Sunday 15 August 2010

The Incident of the Rhubarb Tarte Tatin

It was Friday the 13th, and I quipped to Andrew by email, "I hope I don't burn the dinner!" Hmmm. I had chosen a fancy dessert recipe from Olive to wow our dinner guests, and also to use up the last batch of rhubarb from K's parents' garden. First problem - I haven't cooked with rhubarb much before, and had never made a tarte tatin, and found upon reading the recipe closely that this was supposed to be done in blini pans or in a Yorkshire pudding tray with four indents, neither of which I had. So a single tarte tatin in a cake tin it was going to be. Then came the issue of making the caramel base. I discovered the hard way (er, literally) that when the recipe says butter and granulated sugar, one should not use caster sugar to make caramel.

After two attempts (the first with golden caster sugar, the second with normal refined caster sugar, just in case its goldenness had been the problem), K was dispatched to the local corner shop to procure granulated sugar, and hurrah! all proceeded satisfactorily with caramel production. I made a nice arrangement of the rhubarb bits on top of this, and I must say the tarte tatin did look beautiful when it was turned out. I don't have a photo unfortunately. Andrew was presented with the first slice and we all waited for the verdict - poor man, having been put on the spot, he did a valiant job of keeping a straight face.
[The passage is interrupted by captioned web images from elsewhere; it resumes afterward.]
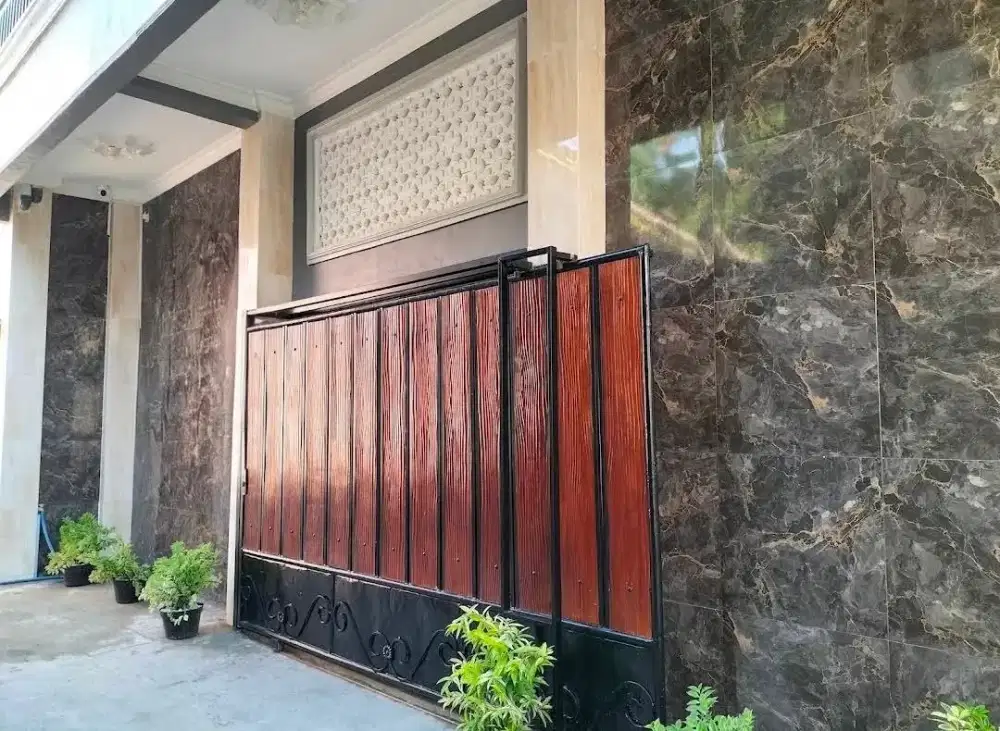 Dijual kost Gentan L:101,2 lantai, 10 KT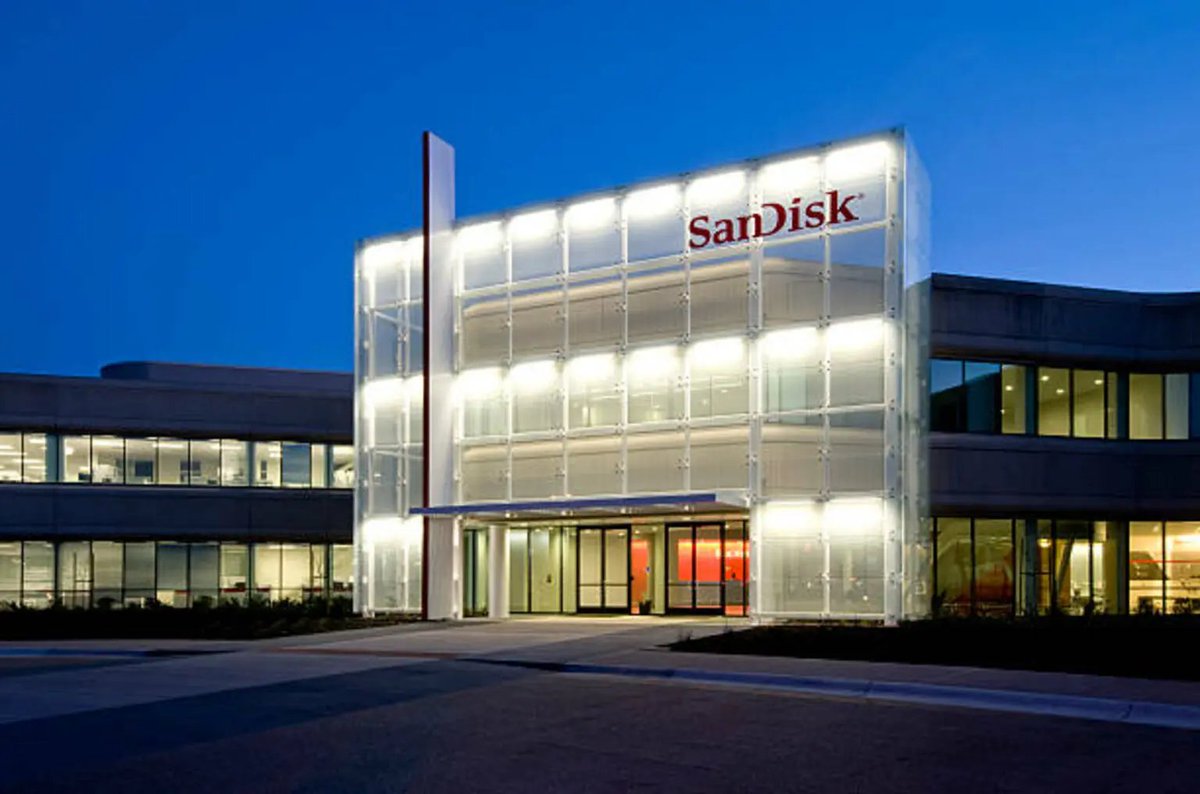 WallStAlphaPro's tweet photo. SanDisk just got one of the wildest price targets on Wall Street...

$SNDK saw Susquehanna raise its target to $3,250 from $2,000, highlighting tight memory supply, stronger NAND pricing and AI-driven SSD demand.

👉 Analyst Ratings: 3 Strong Buy, 19 Buy, 3 Hold, 0 Sell. https://t.co/ByEXhP3xv0
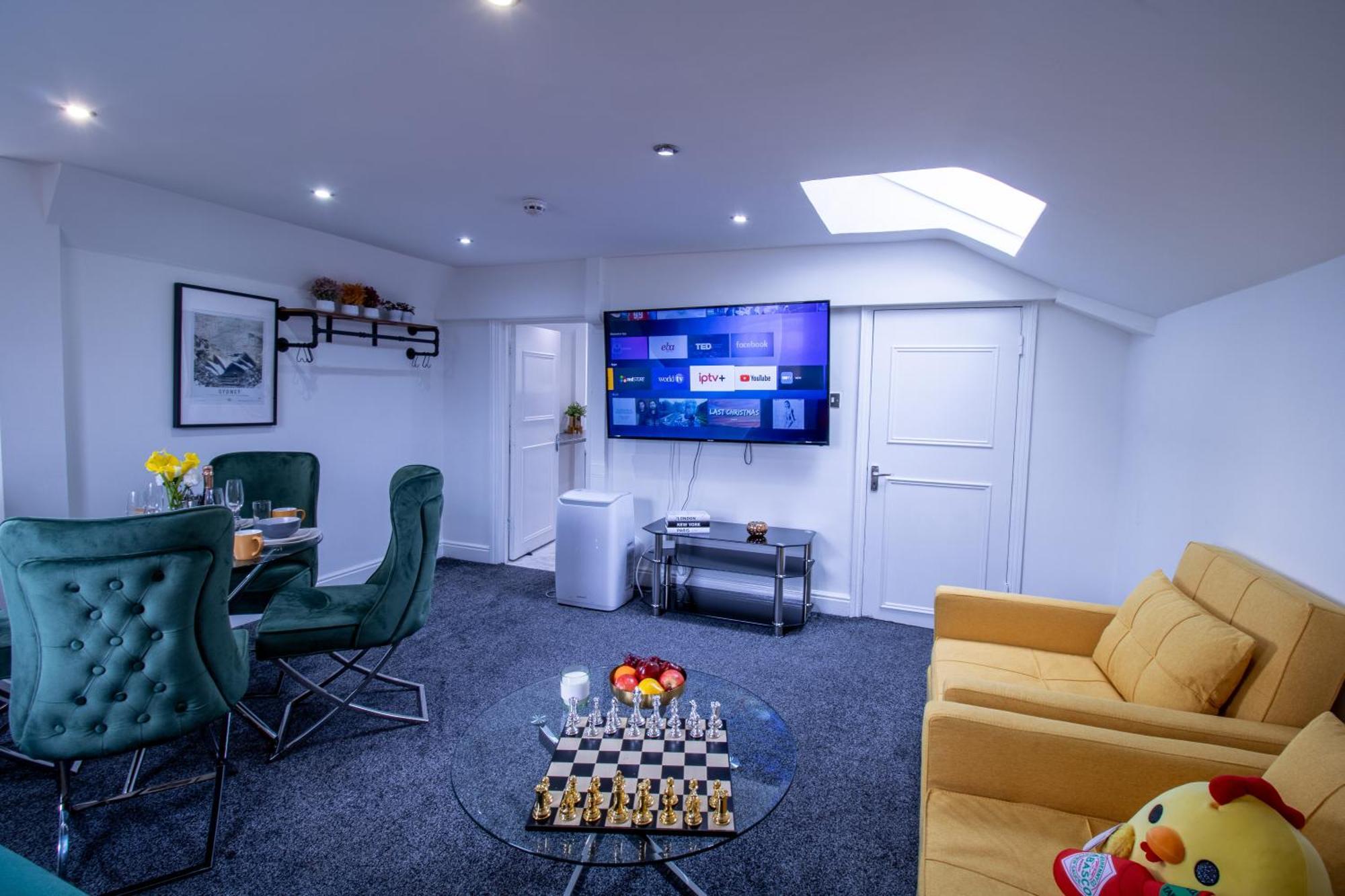 Luxurious 1-Bedroom Penthouse On Oxford Street 11G ลอนดอน ภายนอก รูปภาพ
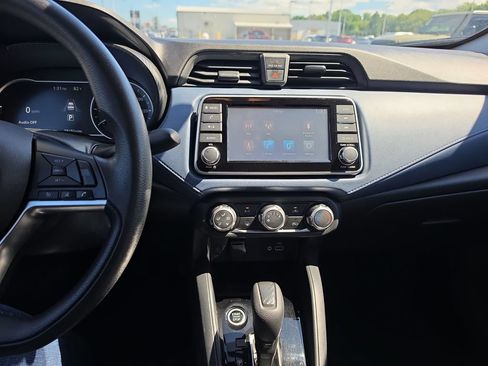 Used 2025 Nissan Versa SV FWD image 12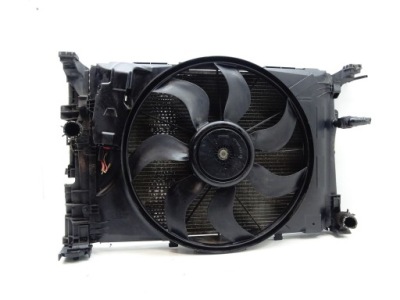 Комплект радіатор вентилятор mercedes a w176 2.2 cdi a2465000064 фото №1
I tried a bite of mine - decidedly sour!! What happened to all that sugar in the caramel??? Plus the recipe suggestion of serving this with mascarpone was not a good choice.

With lashings of caster sugar, the dessert was eaten, but lesson learned - always test a new dessert recipe before serving it to one's dinner guests!! Alas, I feel this episode might go down in personal legend - "remember when you did that rhubarb tarte tatin for Alison and Andrew....?"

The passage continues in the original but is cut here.